Question
WWX Manufacturing Sdn Bhd manufactures and sells computer sets under the brand name AAA. The company has several divisions, one of it is known as
WWX Manufacturing Sdn Bhd manufactures and sells computer sets under the brand name AAA. The company has several divisions, one of it is known as Division A. This division manufactures microchips used in computer. Last year, Division A sold 20,000 microchips.

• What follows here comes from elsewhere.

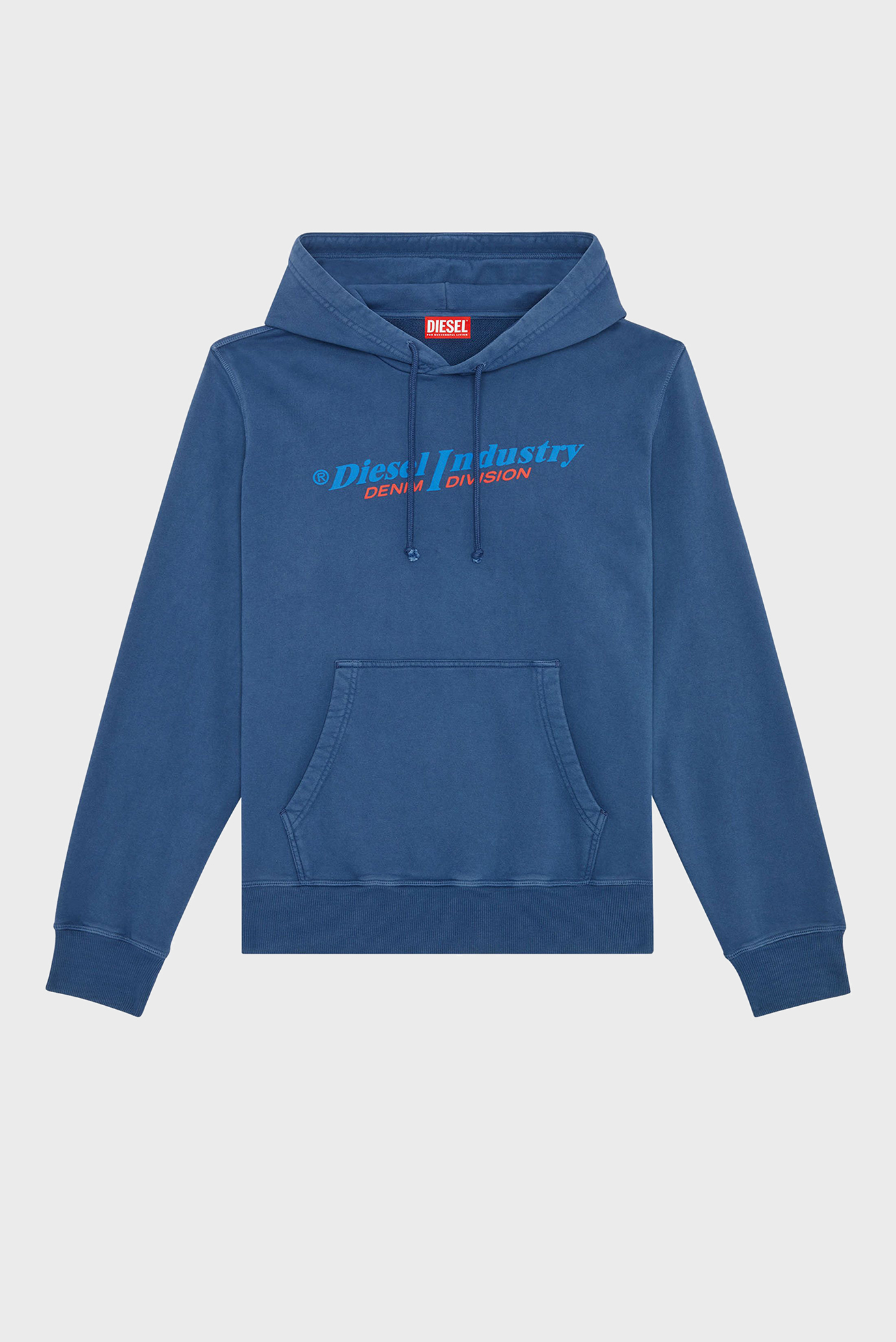 Худи S-GINN-HOOD-IND SWEAT-SHIRT 5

The Division A Income Statement for last year were as follows:
| Total RM | Per unit RM |
Sales | 3,000,000 | 150 |
Less: cost of goods sold | 1,000,000 | 50 |
Gross margin | 2,000,000 | 100 |
Less: selling & distribution costs | 400,000 | 20 |
Divisional income | 1,600,000 | 80 |
As shown above, it costs the Division A RM50 to produce a single microchip. Given below is the breakdown cost structure of the microchip:
| RM |
Direct material | 20 |
Direct labour (RM6 per hour) | 12 |
Factory overhead (50% fixed) | 18 |
Total cost per microchip | 50 |
WWX Manufacturing Sdn Bhd currently operating at full capacity level.
Required:
- If Syarikat ABC, an outside supplier, can offer RM50 per microchip, should WWX Manufacturing S/B accept the offer?
- If WWX Manufactuirng S/B purchases microchip from outside supplier at RM50 per unit, Division A will have an extra capacity of 30%. As a result, the company can launch a new product which will generate extra net income of RM400,000. What is you decision
- Explain the difference between opportunity costs and sunk costs.